Un retour vers le passé ?

“Barentsburg a conservé quelques vestiges de son passé soviétique comme un panneau proclamant “Notre but est le communisme” ou ce buste de Lénine sur la place centrale. C’est d’ailleurs à cet endroit que se réunissent les touristes venus en croisière de Longyearbyen pour commencer la visite de la ville par les guides locaux.”

Une vision du futur ?

“La mine de Barentsburg est annoncée comme bientôt tarie.

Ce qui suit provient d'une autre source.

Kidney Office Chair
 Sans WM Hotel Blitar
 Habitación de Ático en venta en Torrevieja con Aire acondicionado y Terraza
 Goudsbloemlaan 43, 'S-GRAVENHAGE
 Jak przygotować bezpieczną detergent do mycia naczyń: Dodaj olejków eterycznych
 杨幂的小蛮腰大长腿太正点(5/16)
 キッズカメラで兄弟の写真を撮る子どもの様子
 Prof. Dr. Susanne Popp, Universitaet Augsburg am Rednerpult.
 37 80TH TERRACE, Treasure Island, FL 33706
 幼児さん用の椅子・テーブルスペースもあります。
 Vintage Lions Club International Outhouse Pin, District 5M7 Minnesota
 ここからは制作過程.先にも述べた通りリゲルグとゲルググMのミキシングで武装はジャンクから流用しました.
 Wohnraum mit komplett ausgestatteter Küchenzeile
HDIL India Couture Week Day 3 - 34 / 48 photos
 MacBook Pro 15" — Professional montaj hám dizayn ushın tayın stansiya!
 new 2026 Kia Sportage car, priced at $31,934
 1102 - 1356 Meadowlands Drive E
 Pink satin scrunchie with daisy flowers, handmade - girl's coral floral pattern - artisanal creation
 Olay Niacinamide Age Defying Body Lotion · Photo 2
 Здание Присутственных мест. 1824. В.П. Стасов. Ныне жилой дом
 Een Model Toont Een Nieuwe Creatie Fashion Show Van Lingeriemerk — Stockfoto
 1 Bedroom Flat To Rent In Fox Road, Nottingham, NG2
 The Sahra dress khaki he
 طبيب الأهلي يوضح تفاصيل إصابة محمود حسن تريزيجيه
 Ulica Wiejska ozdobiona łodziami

Aussi, le trust d’État gérant la mine cherche à se renouveler en se tournant vers le tourisme afin de minimiser ses pertes financières. Depuis 2010, de nombreux travaux de rénovation ont ainsi été initiés. En 2013 ont été ouverts une brasserie, un restaurant, une auberge de jeunesse ainsi qu’un centre d’expédition, preuves d’un regain d’intérêt des autorités russes pour le Svalbard et de l’attrait touristique que la région commence à constituer.

Si jusqu’à maintenant Barentsburg ou Pyramiden, avec leurs statues de Lénine et leurs infrastructures vieillissantes ou abandonnées, ne pouvaient que rappeler les vestiges figés de l’époque soviétique, ces enclaves sont maintenant vouées à participer au renouveau de la puissance russe dans les années à venir.”